Goes great with steamed basmati rice and warm pita.


Goat Meatballs braised in goat's milk

By Billy Barlow of The Breslin

For the meatballs:

  • 4 lbs goat meat
  • 1 lbs goat fat
  • 6 eggs
  • 0.5 lbs bread
  • 1 1/2 c. goat's milk yogurt
  • 1 1/2 T. kosher salt
  • 2 cloves of garlic
  • 1/4 c. white wine
  • 1 heaping Tbsp. cracked black pepper
  • 1 Tbsp. whole fennel seed
  • 1/2 Tbsp. whole cumin seed
  • 1 tsp. crushed red pepper
  • .5 c. roughly chopped parsley
  • 2 T. roughly chopped rosemary
  • 1/3 c. sliced almonds

For the braise:

  • 1 pound of goat meatball mix
  • Olive oil for frying
  • Flour for dusting
  • 1 qt. goat's milk
  • 4 cloves of garlic, quartered
  • 3 sprigs of sage

To make the meatballs:

Mix the eggs, bread and yogurt together and let stand until soft.

Crush the garlic with the salt in a mortar and pestle and season the goat meat and fat. Add the white wine and spices. Add the bread mixture. Mix well. Fold in the herbs and sliced almonds.

Grind on a ?" die. Mix until it just comes together.

At this point it is highly recommended that the mixture be portioned into one pound increments, packaged with a Food Saver and frozen. One pound makes around 3 dinner portions.

For the braise:

Preheat the oven to 300 degrees. Roll 1# of the goat mixture into balls slightly smaller than a golf ball. A small ice cream scoop is handy for this. Lightly dust the balls with flour. Fry in olive oil until browned on all sides. Remove from pan. Add the cloves of garlic. Lightly fry until browned. Add 1 Qt. of goat's milk, gently scraping the bottom of the pan with a wooden spoon. Add the meatballs back into the pan with the sprigs of sage and roast in a 300 degree oven uncovered until the milk and meatballs are browned and the meatballs are tender, 45 minutes to 1 hr. Gently remove the balls from the liquid and serve.

Goes great with polenta or roasted potatoes.


Whole Smoked Goat

By Chef de Cuisine Dan Ross-Leutwyler

  • 2 shoulders
  • Rib cage and rack cut into quarters
  • Saddle, flaps attached
  • 2 legs
  • 1 neck and head

Make a rub:

We use nice market peppers like: nardello peppers, grenada seasoning peppers, maybe one scotch bonnet for heat, long red chilies, cayenne peppers.
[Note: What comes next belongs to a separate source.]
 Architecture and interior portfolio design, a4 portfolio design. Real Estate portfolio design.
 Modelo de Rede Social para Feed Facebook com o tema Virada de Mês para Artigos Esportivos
Whatever looks good and strikes your fancy. Toss about 5 of mixed peppers total with salt and extra virgin olive oil, just to coat. Roast them in a hot oven (450 or higher) until they are charred and blistered. About 15 minutes. In a food processor blend the peppers together with 20 cloves of garlic, about 1 of raw mixed peppers, 8T of toasted and ground coriander and 8T of kosher salt. If you're feeling frisky you could work in 8 or 9 anchovy fillets. Get the mixture as smooth as possible, although no one ever lost points for having a chunky paste. At least not in the real world.

To cook:

Season your goat generously with salt, and if you desire (I don't) crushed black pepper. Thoroughly rub your paste all over the goat. You will make a mess, and you will waste some paste. Fire up your smoker, and smoke the goat to an internal temperature of 160. At the restaurant, we pack the goat in to hotel pans and braise it the rest of the way in bone broth. At home I would use a mixture of white wine and chicken broth. Cook covered in your oven at 250 until the meat is super tender and close to falling off the bone.

To eat:

I would send the goat to a table full of friends and have a stack of West Indian roti and a box of gloves at the ready. Get messy and enjoy.


Oven Smothered Goat

By Chef Tony Liu of Pulino's

Pulino's Chef Tony Liu is utilizing the simplicity of ingredients with the simplicity of the goat for his oven smothered goat dish. The goat, which is roasted overnight at a low temperature, is deboned completely. Then Chef Liu adds rosemary, thyme, and sage. The goat is rolled and wrapped up using butcher's twine. At 175 degrees for six to eight hours the goat roasts smothered by burnt embers and ash inside of Pulino's wood burning oven. Early morning the goat is pulled and portioned accordingly.

Chef Liu is proud to be supporting Heritage's campaign for No Goat Left Behind and as a yearly tradition will be serving Heritage turkey's this thanksgiving.